Des incidences pas neutres

L’enjeu règlementaire n’est pas neutre. Outre le risque de s’exposer à une non-conformité en cas de contrôle, la détention du CSP sera obligatoire pour pouvoir renouveler son Certiphyto à compter de 2024. Les Chambres misent d’ailleurs sur les distributeurs pour porter le message, sans quoi ils ne pourront pas vendre leurs produits aux agriculteurs en défaut.

L’APCA en appelle aussi à l’Etat. Face à l’afflux d’activité que va générer la réalisation des CSP, les chambres vont devoir recruter, une opération rendue compliquée par le statut anachronique des salariés, mais promise à être levée dans les mois à venir, sous l’effet de la loi Asap. L’APCA souhaiterait par ailleurs une autre évolution statutaire, relative à la taxe d’apprentissage, dont les chambres ne sont pas exonérées dans le cadre actuel. « Quel meilleur formule que de former les jeunes par la voie de l’apprentissage, qui les rendrait opérationnels dès leur sortie de l’école », argumente Sébastien Windsor.

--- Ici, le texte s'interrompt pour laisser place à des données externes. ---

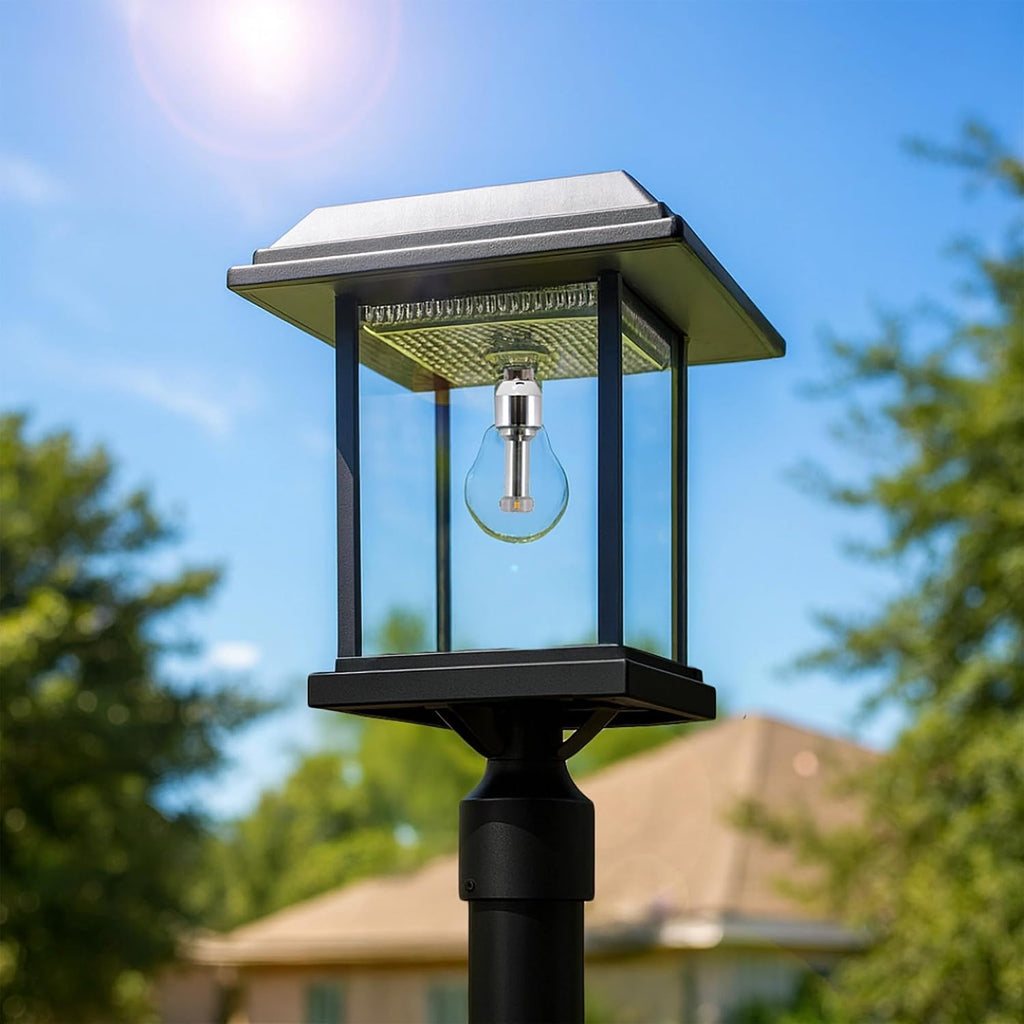 Gama Sonic Aspen II Solar Lamp Post Light Outdoor Waterproof, Black Aluminum with Clear Glass, 3-inch Fitter for Lamp Posts or Pier Mount (Sold Separately), Warm White 2700K, 8BE40012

"Le Conseil stratégique phytosanitaire ne sera pas un document pour caler l’armoire"

Il faut dire que l’APCA s’est fixée des objectifs qualitatifs ambitieux en matière de Conseil stratégique. « L’accompagnement sera basé sur le projet de l’agriculteur, poursuit Sébastien Windsor. On va discuter avec chaque agriculteur pour évoquer les pistes de réduction d’usages de phytosanitaires et qu’il en sorte avec son propre projet, ses propres ambitions. On ne veut pas d’une prestation pousse-bouton pour satisfaire le réglementaire et produire un document qui servira à caler l’armoire ». Normande ou pas.